Ces évolutions constitueraient une bonne nouvelle pour les filières françaises si elles ne profitaient essentiellement aux origines étrangères. Selon la même étude, les importations de viande ont progressé sur la même période de 5%, la palme revenant à la viande de volaille (+ 8,6 %), devant les importations de viande porcine (+ 3,9 %). La part des importations a dépassé les 50% pour la viande de poulet ! Dans le même temps, la viande bovine a jugulé cette tendance, les importations ayant connu une baisse de - 0,8 % en 2025 après - 0,3 % en 2024 et - 5,7 % en 2023. La part des produits exportés progresse cependant légèrement, à 26%.

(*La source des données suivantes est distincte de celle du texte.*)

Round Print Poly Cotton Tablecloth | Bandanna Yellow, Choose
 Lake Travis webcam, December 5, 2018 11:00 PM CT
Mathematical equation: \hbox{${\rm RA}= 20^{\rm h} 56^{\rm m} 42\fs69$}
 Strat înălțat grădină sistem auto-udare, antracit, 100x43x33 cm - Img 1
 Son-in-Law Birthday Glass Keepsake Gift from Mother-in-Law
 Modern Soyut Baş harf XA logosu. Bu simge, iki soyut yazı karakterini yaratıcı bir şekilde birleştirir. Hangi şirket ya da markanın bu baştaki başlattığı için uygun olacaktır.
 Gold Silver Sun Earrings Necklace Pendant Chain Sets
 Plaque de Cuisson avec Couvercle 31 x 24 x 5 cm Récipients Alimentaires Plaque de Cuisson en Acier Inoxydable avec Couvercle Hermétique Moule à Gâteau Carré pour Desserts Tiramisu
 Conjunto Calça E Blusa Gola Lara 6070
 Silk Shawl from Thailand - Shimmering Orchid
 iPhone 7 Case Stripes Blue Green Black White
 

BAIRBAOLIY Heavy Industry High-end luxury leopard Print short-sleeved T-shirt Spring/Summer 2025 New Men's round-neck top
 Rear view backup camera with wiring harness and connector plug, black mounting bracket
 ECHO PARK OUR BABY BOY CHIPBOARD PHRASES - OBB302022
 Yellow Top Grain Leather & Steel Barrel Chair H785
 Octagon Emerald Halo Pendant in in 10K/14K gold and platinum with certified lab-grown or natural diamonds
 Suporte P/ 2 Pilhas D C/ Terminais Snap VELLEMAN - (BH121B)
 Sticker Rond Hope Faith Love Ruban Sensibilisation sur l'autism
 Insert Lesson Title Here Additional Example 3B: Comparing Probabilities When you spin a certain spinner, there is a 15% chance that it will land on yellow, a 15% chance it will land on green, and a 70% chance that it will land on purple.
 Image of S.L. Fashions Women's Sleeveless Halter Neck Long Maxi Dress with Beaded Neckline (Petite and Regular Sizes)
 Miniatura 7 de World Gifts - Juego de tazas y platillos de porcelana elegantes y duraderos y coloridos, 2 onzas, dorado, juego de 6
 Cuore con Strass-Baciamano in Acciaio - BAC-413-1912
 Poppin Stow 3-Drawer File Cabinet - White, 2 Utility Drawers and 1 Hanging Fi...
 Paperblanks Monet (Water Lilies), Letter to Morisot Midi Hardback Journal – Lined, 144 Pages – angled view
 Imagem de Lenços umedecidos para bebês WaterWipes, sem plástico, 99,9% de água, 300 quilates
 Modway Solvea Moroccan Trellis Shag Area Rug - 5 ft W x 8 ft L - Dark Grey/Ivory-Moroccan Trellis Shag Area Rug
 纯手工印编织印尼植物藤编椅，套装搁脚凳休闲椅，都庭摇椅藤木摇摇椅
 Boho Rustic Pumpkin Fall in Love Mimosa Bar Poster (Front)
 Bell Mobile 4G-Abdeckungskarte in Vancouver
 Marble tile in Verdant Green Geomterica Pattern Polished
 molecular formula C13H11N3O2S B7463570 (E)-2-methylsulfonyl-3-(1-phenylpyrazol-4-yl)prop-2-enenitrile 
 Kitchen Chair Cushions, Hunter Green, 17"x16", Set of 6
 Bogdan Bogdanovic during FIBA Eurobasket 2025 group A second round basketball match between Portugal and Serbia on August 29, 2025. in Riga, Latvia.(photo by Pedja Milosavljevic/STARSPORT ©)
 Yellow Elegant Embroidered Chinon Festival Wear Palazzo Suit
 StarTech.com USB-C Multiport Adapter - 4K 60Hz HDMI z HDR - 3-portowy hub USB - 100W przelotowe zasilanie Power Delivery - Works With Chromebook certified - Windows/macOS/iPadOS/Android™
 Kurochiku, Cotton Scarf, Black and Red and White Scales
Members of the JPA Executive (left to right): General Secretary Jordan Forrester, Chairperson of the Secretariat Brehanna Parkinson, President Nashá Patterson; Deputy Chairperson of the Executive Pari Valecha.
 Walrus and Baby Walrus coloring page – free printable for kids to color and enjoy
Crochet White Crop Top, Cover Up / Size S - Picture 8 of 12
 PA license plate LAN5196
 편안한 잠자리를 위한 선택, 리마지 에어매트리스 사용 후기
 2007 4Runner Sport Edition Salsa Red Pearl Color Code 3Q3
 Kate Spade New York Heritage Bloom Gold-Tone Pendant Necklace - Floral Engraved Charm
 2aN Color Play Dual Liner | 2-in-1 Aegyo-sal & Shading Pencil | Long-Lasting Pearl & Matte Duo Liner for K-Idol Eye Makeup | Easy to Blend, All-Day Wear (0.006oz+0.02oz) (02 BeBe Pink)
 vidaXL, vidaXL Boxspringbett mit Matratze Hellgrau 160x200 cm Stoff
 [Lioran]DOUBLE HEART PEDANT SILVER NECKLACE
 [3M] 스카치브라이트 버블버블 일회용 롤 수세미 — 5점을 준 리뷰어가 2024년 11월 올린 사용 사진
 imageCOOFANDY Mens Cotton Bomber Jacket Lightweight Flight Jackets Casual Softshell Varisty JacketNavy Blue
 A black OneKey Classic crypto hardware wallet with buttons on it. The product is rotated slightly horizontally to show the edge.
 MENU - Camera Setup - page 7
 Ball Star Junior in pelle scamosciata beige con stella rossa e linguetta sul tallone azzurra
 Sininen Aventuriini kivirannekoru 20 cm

Toujours est-il que les Français, en dépit de différentes injonctions, apprécient plus que jamais d’équilibrer leur alimentation avec la viande. Ses bénéfices nutritionnels, souvent questionnés, sont de mieux en mieux connus, comme en témoignent plusieurs articles que nous vous proposons dans cette édition de Viandes&Produits Carnés. Deux contributions "Modélisation de l’effet matrice de la viande" et "Effet matrice de la viande : déterminants et implications nutritionnelles" par des équipes de l’Unité Qualité des Produits Animaux d’INRAE et de l’Université Clermont Auvergne permettent de mieux comprendre l’effet matrice dans la biodisponibilité des nutriments de la viande. Un autre article ("Biodisponibilité des vitamines et de la choline dans les produits animaux") éclaire la manière dont les produits animaux sont des vecteurs de vitamines et de choline biodisponibles trop longtemps négligés. Des domaines où les champs d’investigation sont encore importants.
Également à lire dans cette édition, une présentation des enjeux et projets de l’UMT Imerviande qui entend accompagner les transitions technologiques, humaines et numériques des filières viandes françaises et une étude sur le rôle de l’élevage ovin dans les régions steppiques algériennes.